Yo salí de casa con tiempo. Decidí ir andando. El camino más bonito era a través del Parque del Oeste. Cuando ya me estaba acercando a la Cuesta de San Vicente vi un grupo de gente haciendo botellón. Una mujer se me acercó y me pidió un cigarrillo. Se lo di. Se acercaron tres más a pedirme tabaco. Por alguna razón me sentí acosado. No se los di. Me arrepiento. Debería haberlo hecho. Tenia un paquete de sobra. Estas personas eran gente sin hogar. Vivían en un albergue. Nadie tiene un detalle con ellos. Yo tampoco.
En vez seguí mi camino. Uno de los sin techo me siguió. Me estaba diciendo que me había portado mal con ellos. Yo no tenía ganas de hablar con el. Ni me volvía para mirarlo. Ya estando cerca del cruce, el me agarró. Yo intenté zafarme. El me dio un soberano puñetazo en la nariz. Me acababan de operar del tabique nasal. Dos días antes me habían quitado los tubos que me habían metido en las fosas nasales para que no se me colapsaran. Estaba sangrando profusamente.
Fui andando hasta la estación de metro. Sabía que en los andenes había cobertura. Me puse a llamar a mi amigo. A los 10 minutos di con el. Subió. Un poco después vimos un policía municipal. Nos contó que había habido un altercado cerca. Nos llevó en su coche patrulla. Allí estaba el Samur haciendo curas. Después de pedirme la documentación, me detuvieron la hemorragia de la nariz. Había habido una buena pelea entre los sin techo. Mucha gente tenía magulladuras y erosiones. Había por lo menos quince policías nacionales tomando declaración. Supongo que quien me dio la hostia, siguió arreando.
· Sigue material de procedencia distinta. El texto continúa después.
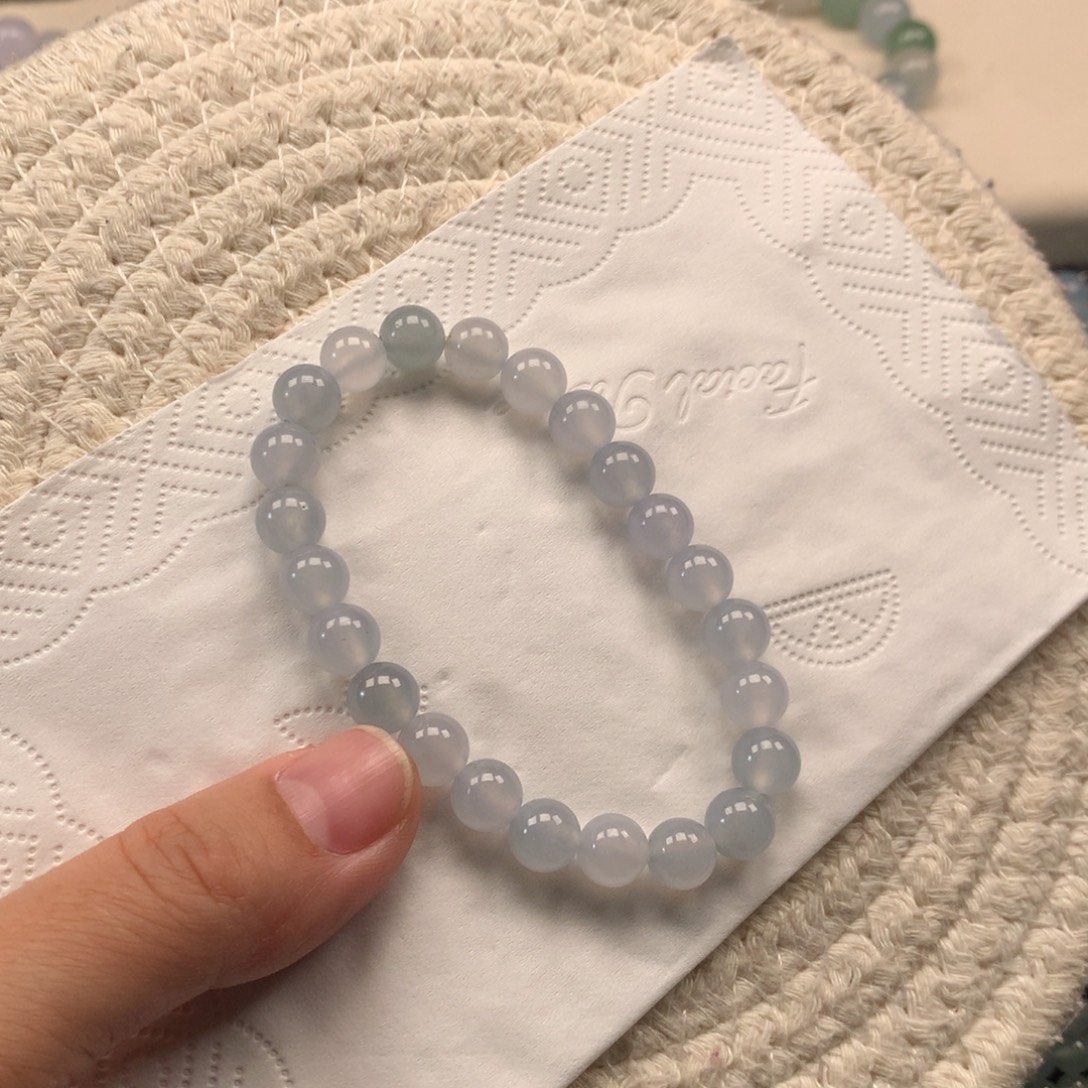 翡翠未镶嵌颈饰天然翡翠卡8手串定金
Bajo la impresión de que era necesario un parte de daños firmado por un médico, yo y mi amigo, nos fuimos en taxi al hospital que me corresponde. Tras cinco minutos en urgencias, me atendió el otorrino de guardia. Me dijo que no había ningún daño permanente. Mi tabique nasal recién operado no había sufrido desperfectos. Me introdujo unas almohadillas de algodón en las fosas nasales. Los otorrinos tienen un extraño fetiche de tocarle las narices a la gente.
Yo me despedí de mi amigo después de unas cañas. Al llegar a mi casa empecé a estornudar sin parar. Las almohadillas eran responsables. Estaban irritando el interior de mi nariz. Con la presión de los estornudos estaban cada vez más fuera. Cuando al final sobresalían, me las saqué con unos alicates. Detuve la hemorragia con presión.
Al día siguiente fui a la comisaría con mi parte médico. El policía que me atendió me contó que, ya que me había atendido el Samur, me podía haber ahorrado el viaje a urgencias. Yo, con mi denuncia, ya había cumplido. Había engrosado en las estadísticas de delincuencia. Unos días después me llamó la policía para que me pasara por la comisaría. Me atendió un inspector que me enseñó fotos de varios sospechosos. No fui capaz de reconocer a ninguno. Todos tenían pelo largo y el que me pegó tenía el pelo corto. Yo me guío mucho por el pelo a la hora de reconocer a la gente. Se lo comenté al inspector. Unos meses después estaba en los andenes del metro y un hombre con pelo largo se me acercó. Me miró de forma agresiva. Quedé intimidado. Me metí rápidamente en el vagón. Estoy casi seguro que era el mismo que me pegó.
Gracias a la historia del puñetazo tenía algo interesante que contar a la gente nueva que me encontraba durante varios meses. Todos me decían: "Ay, pobrecito." Hubo una mujer de la cual no conseguí reacción alguna. Más tarde me enteré que ella había estado en una relación violenta. El que le peguen a alguien es triste para ella pero era el pan nuestro de cada día.